Tassles, photo by Tom Murphy

Friday | 03.13
What: Witch Cat Records Anniversary: Tassles, babybaby4ever, Watch Yourself Die, The Tammy Shine and Hotel WiFi
When: 7
Where: Squirm Gallery
Why: Witch Cat Records is celebrating its five year anniversary with this show including artists both on the label and adjacent to its aesthetic embracing the uniquely creative and finely honed experimental music whether pop or otherwise. Tassles is a band that shows how lo-fi shoegaze can have a maximalist emotional resonance, babybaby4ever is like a rebirth of tonally rich synthpop in an inspired idiosyncratic vein, Watch Yourself Die is a confrontational performance art band, The Tammy Shine is the iconic lead singer of Dressy Bessy doing her own version of spirited punk-edged pop and Hotel WiFi somehow reconciles country, emo and lo-fi indie rock.

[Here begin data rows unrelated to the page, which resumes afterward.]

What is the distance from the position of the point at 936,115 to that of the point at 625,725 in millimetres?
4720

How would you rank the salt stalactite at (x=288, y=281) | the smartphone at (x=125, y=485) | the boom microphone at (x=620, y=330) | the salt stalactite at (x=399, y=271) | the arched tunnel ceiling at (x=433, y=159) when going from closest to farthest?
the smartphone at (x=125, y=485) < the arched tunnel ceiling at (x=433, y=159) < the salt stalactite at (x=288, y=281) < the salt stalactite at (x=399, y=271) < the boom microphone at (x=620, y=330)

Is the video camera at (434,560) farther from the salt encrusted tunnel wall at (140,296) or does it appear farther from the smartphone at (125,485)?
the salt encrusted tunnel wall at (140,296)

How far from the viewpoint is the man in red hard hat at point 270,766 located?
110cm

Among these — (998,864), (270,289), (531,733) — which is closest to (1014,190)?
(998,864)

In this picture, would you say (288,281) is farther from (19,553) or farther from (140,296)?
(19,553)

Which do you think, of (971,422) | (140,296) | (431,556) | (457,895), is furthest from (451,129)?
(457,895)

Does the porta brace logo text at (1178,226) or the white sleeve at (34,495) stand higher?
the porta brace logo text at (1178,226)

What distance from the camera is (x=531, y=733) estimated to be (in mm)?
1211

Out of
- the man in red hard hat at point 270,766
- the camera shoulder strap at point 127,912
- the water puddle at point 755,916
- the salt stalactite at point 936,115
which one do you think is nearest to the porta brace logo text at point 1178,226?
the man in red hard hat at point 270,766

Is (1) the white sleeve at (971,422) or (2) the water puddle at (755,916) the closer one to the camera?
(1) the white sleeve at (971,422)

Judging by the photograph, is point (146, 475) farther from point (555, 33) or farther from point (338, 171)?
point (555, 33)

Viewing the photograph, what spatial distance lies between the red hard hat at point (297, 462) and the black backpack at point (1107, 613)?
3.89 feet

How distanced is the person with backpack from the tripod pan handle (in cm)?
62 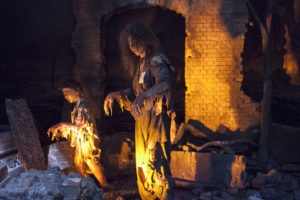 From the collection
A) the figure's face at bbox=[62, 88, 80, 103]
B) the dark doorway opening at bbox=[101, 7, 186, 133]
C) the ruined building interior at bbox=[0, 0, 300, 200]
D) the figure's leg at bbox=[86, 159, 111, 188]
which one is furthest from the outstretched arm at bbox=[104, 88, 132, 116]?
the dark doorway opening at bbox=[101, 7, 186, 133]

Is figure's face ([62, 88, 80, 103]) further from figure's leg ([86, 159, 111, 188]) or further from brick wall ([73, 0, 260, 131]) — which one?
brick wall ([73, 0, 260, 131])

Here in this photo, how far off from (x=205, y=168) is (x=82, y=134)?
2561 millimetres

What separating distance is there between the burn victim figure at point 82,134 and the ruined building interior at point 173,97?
0.03m

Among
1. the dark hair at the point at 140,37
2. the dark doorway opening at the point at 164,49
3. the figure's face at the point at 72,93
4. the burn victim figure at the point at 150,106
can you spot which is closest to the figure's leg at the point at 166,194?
the burn victim figure at the point at 150,106

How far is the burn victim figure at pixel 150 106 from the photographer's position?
3.18 m

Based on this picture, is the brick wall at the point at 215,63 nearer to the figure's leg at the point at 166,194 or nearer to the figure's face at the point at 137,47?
the figure's face at the point at 137,47

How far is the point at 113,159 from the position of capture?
20.0 ft

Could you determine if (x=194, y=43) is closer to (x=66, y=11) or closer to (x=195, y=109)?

Moon Pussy, photo by Tom Murphy

Friday | 03.13
What: Moon Pussy, Cleaner and Team Nonexistent
When: 7
Where: The Crypt
Why: Moon Pussy makes the kind of noise rock that makes you wonder why other bands don’t adopt a fully eccentric approach to lyrics and performance because they’re so compelling and unique that it’s difficult to really compare them to anyone else except to clumsily slap a genre term on them. Team Nonexistent started out as more of a Riot Grrrl-esque grunge band but now is more a raw punk thing with stirring hooks and pointed lyrics. Cleaner is a punk band with some threads of fuzzy, psychedelic 2010s garage rock.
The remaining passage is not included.